1 Background
PostgreSQL is a major open-source relational database with a 23-year history and a broad range of features. While Jepsen’s work has traditionally focused on distributed systems, our tooling is readily applicable to traditional, single-node databases. In this report, we present the results of applying Jepsen’s generative concurrency testing to PostgreSQL 12.3.
Prior to version 9.1, PostgreSQL’s documentation claimed to offer up to serializability, “as if transactions had been executed one after another, serially, rather than concurrently…. The Serializable mode provides a rigorous guarantee that each transaction sees a wholly consistent view of the database.” However, this was not true: PostgreSQL’s “serializable” was in fact snapshot isolation (SI).

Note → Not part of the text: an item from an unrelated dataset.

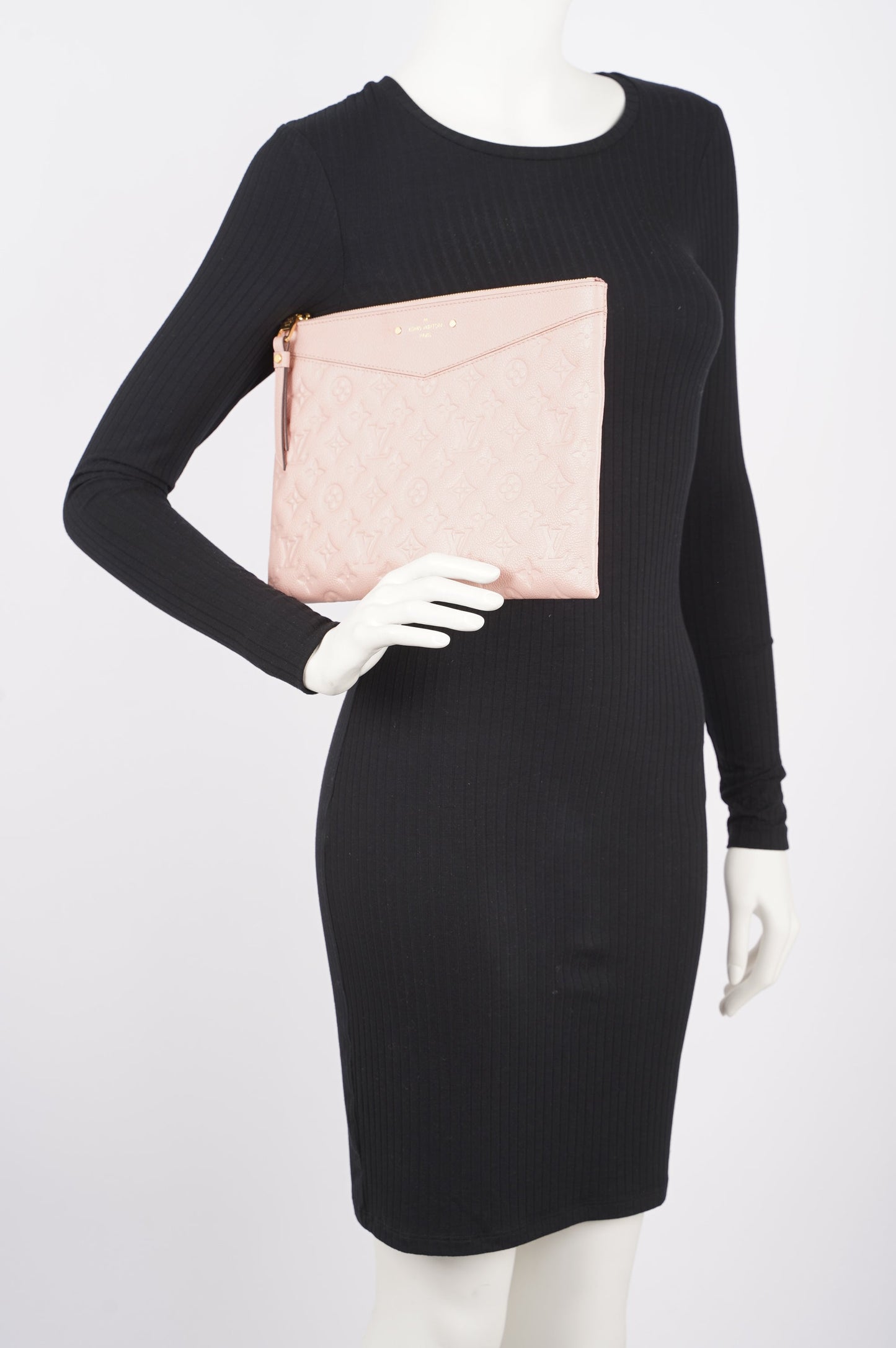 Louis Vuitton Womens Daily Pouch Pink Empreinte Leather Clutch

Informally, snapshot isolated systems appear to start each transaction with a fixed, instantaneous snapshot of the database, reflecting only committed state. Writes performed in a transaction appear to apply atomically at commit time, and a transaction can only commit if no other transaction has modified the same objects as the transaction has written, since the snapshot was taken. This is (as the paper which formalized snapshot isolation made clear) not serializable: transactions whose write sets do not intersect can commit without observing each other’s effects, which could lead to application-level consistency violations.
In version 8.0, PostgreSQL’s documentation clarified that “in fact PostgreSQL’s Serializable mode does not guarantee serializable execution in this sense,” and went on to specify that PostgreSQL lacked a predicate locking system.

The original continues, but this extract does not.